_What the exercise asks:_ Copy the data below exactly, omitting any picture it contains.

[Listed records Boundary: Start]

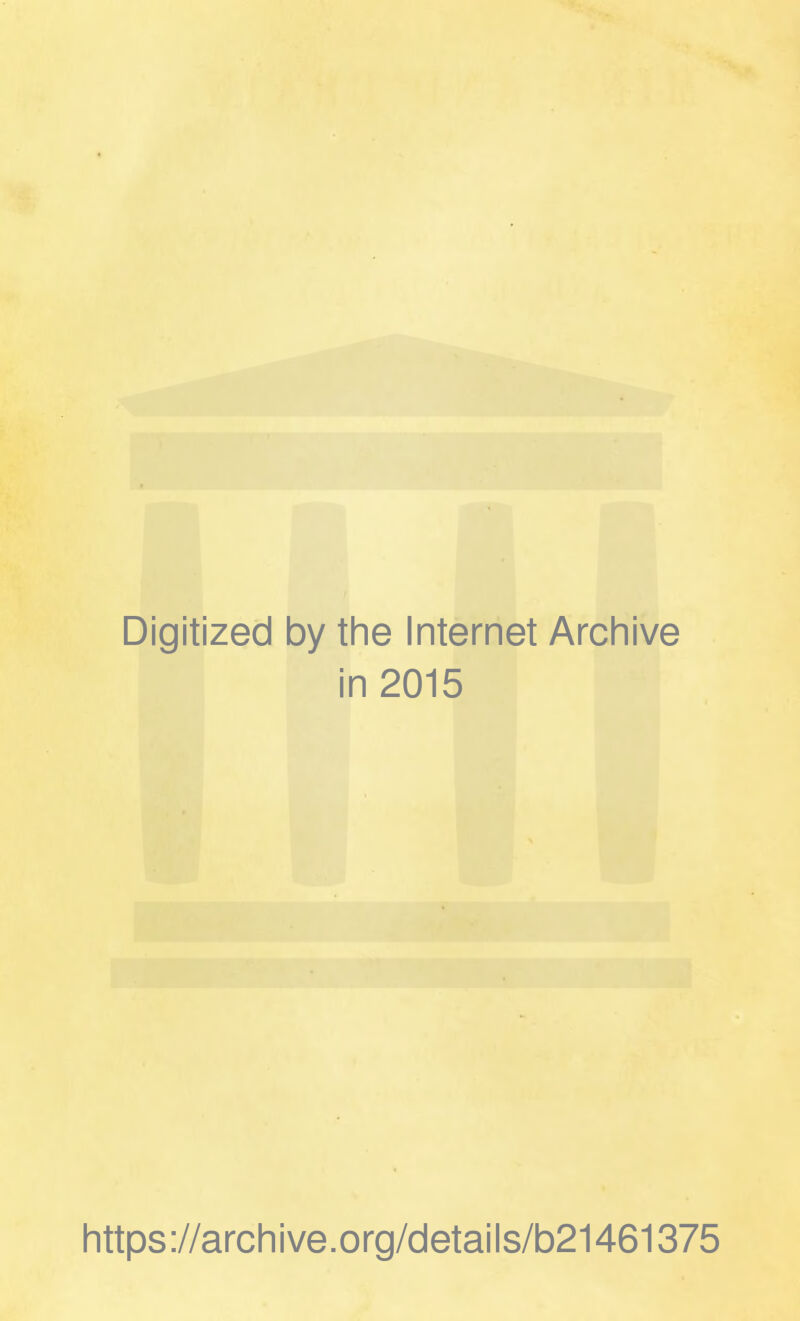 Digitized by the Internet Archive in 2015 https://archive.org/details/b21461375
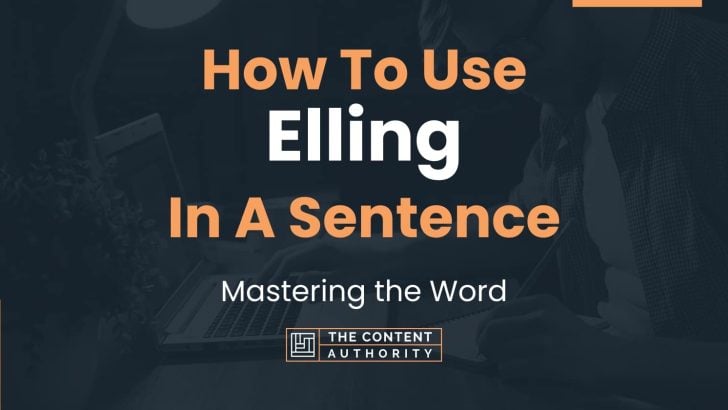 How To Use “Elling” In A Sentence: Mastering the Word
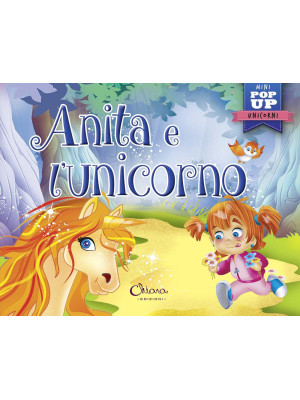 Anita e l'unicorno. Mini pop up unicorni. Ediz. a colori
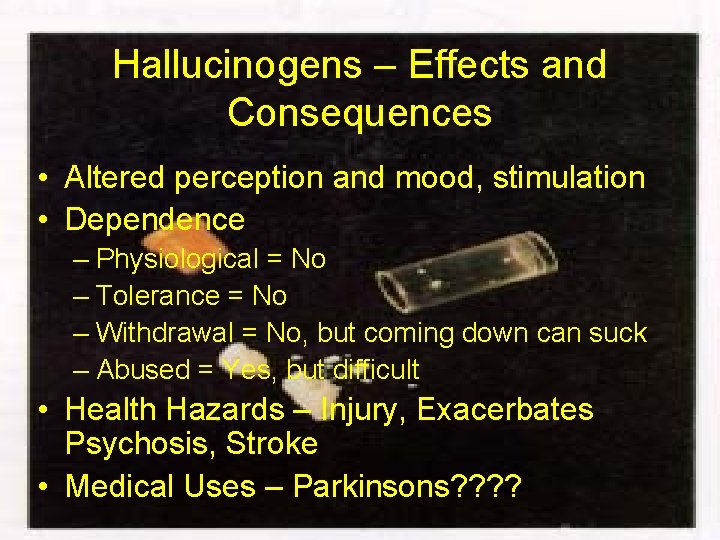 Hallucinogens – Effects and Consequences • Altered perception and mood, stimulation • Dependence –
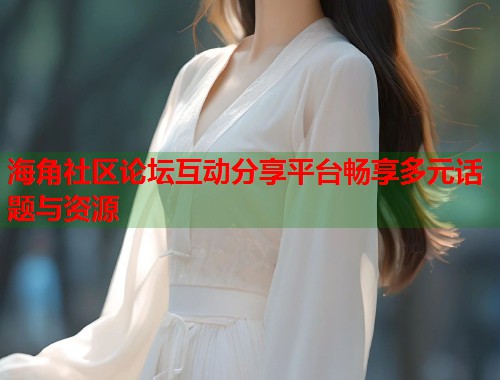 海角社区论坛互动分享平台畅享多元话题与资源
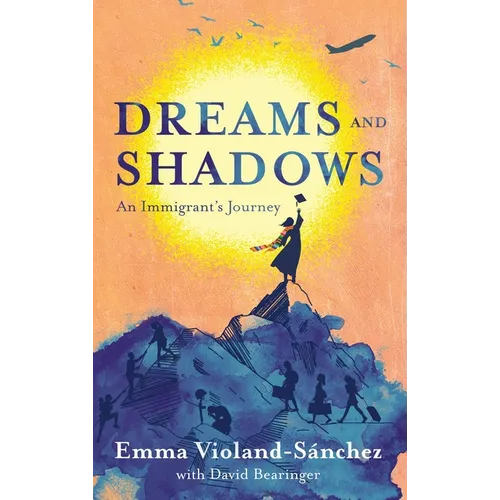 Dreams and Shadows: An Immigrant's Journey
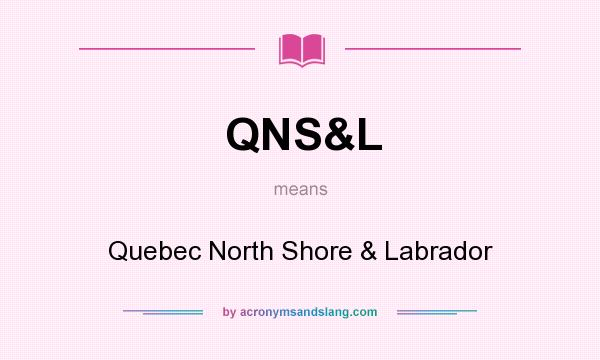 What does QNS&L mean? It stands for Quebec North Shore & Labrador
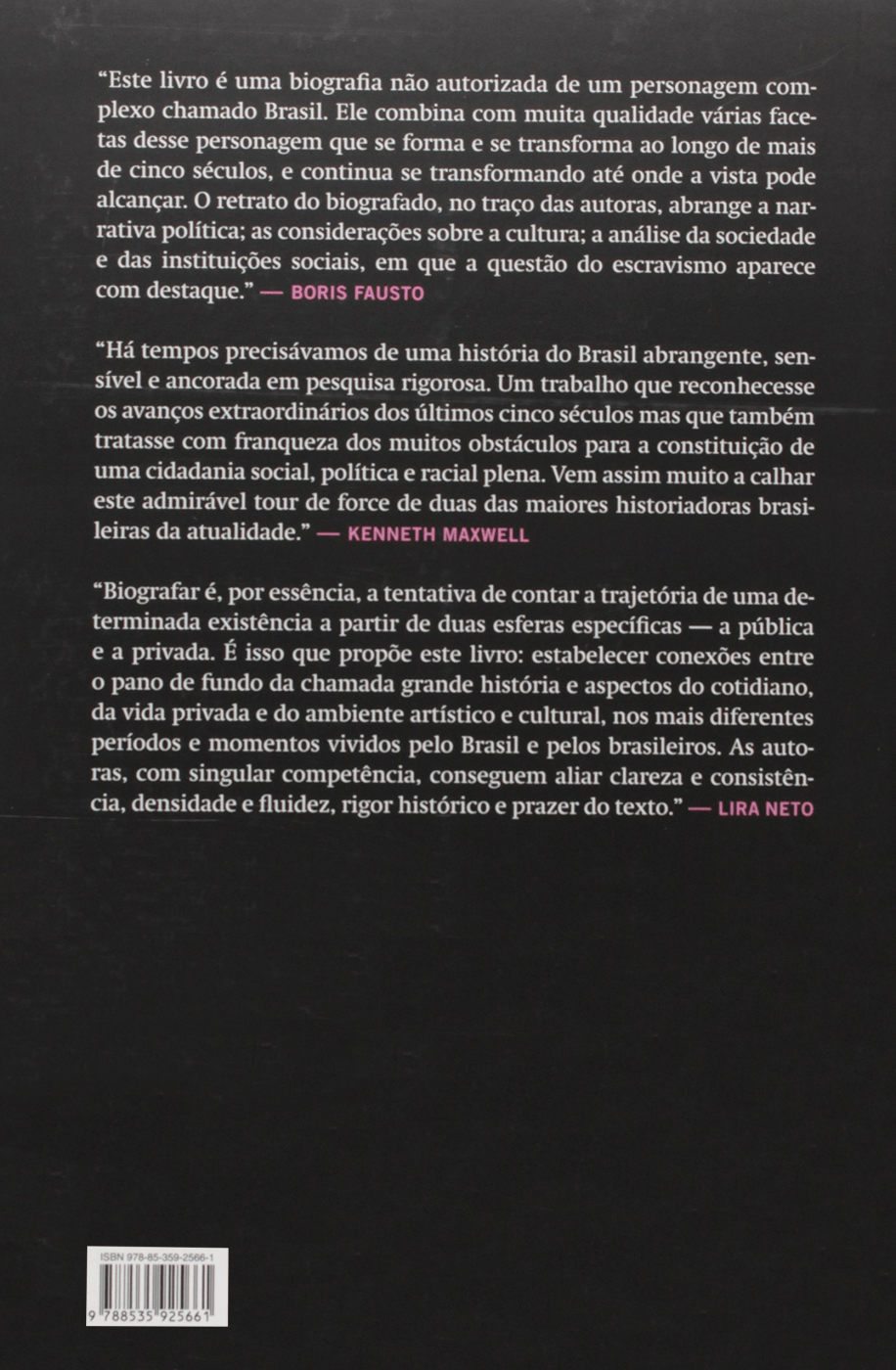Brasil: Uma Biografia - Lilia M. Schwarcz e Heloisa M. Starling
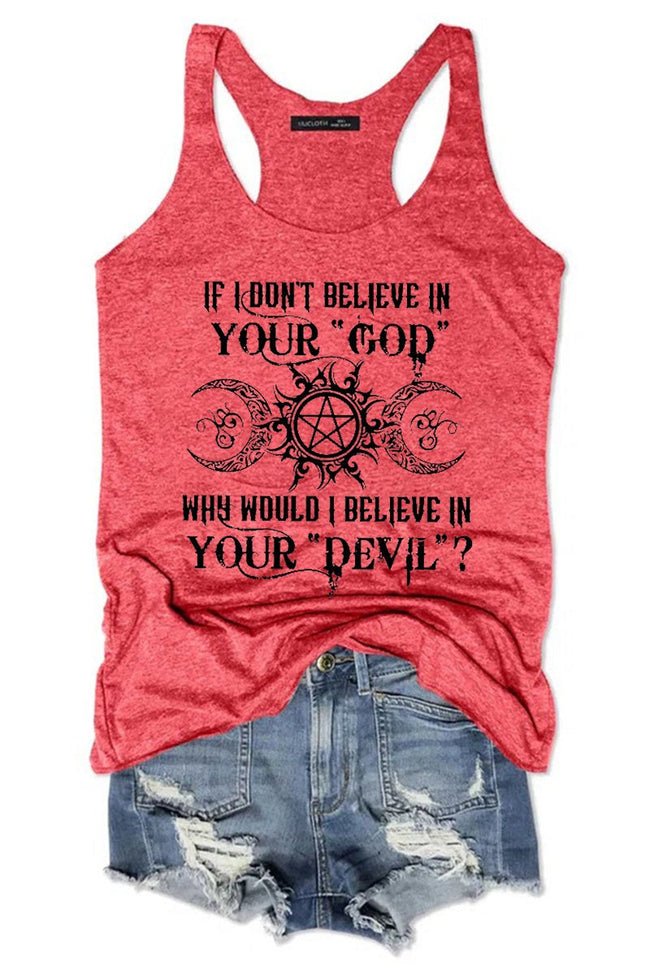 Women's If I Don't Believe In Your God Why Would I Believe In Your Devil Tank Top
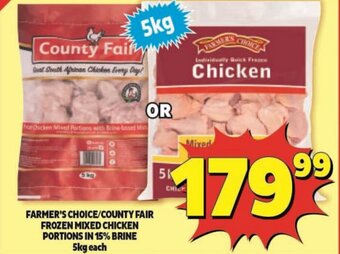Usave FARMER'S CHOICE/COUNTY FAIR FROZEN MIXED CHICKEN PORTIONS IN 15% BRINE 5kg each offer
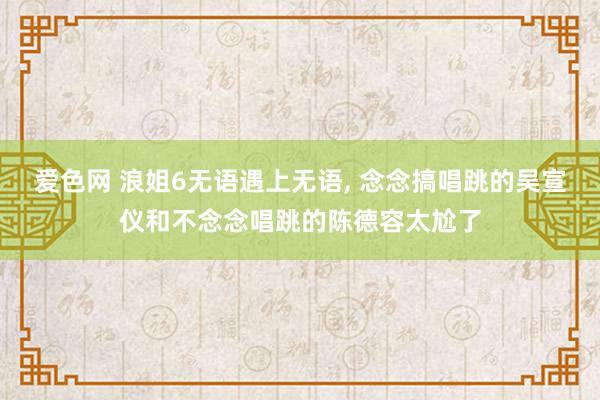 爱色网 浪姐6无语遇上无语， 念念搞唱跳的吴宣仪和不念念唱跳的陈德容太尬了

[Listed records Boundary: End]

_Result for this task:_
 Digitized by the Internet Archive in 2015 https://archive.org/details/b21461375
 How To Use “Elling” In A Sentence: Mastering the Word
 Anita e l'unicorno. Mini pop up unicorni. Ediz. a colori
 Hallucinogens – Effects and Consequences • Altered perception and mood, stimulation • Dependence –
 海角社区论坛互动分享平台畅享多元话题与资源
 Dreams and Shadows: An Immigrant's Journey
 What does QNS&L mean? It stands for Quebec North Shore & Labrador
Brasil: Uma Biografia - Lilia M. Schwarcz e Heloisa M. Starling
 Women's If I Don't Believe In Your God Why Would I Believe In Your Devil Tank Top
Usave FARMER'S CHOICE/COUNTY FAIR FROZEN MIXED CHICKEN PORTIONS IN 15% BRINE 5kg each offer
 爱色网 浪姐6无语遇上无语， 念念搞唱跳的吴宣仪和不念念唱跳的陈德容太尬了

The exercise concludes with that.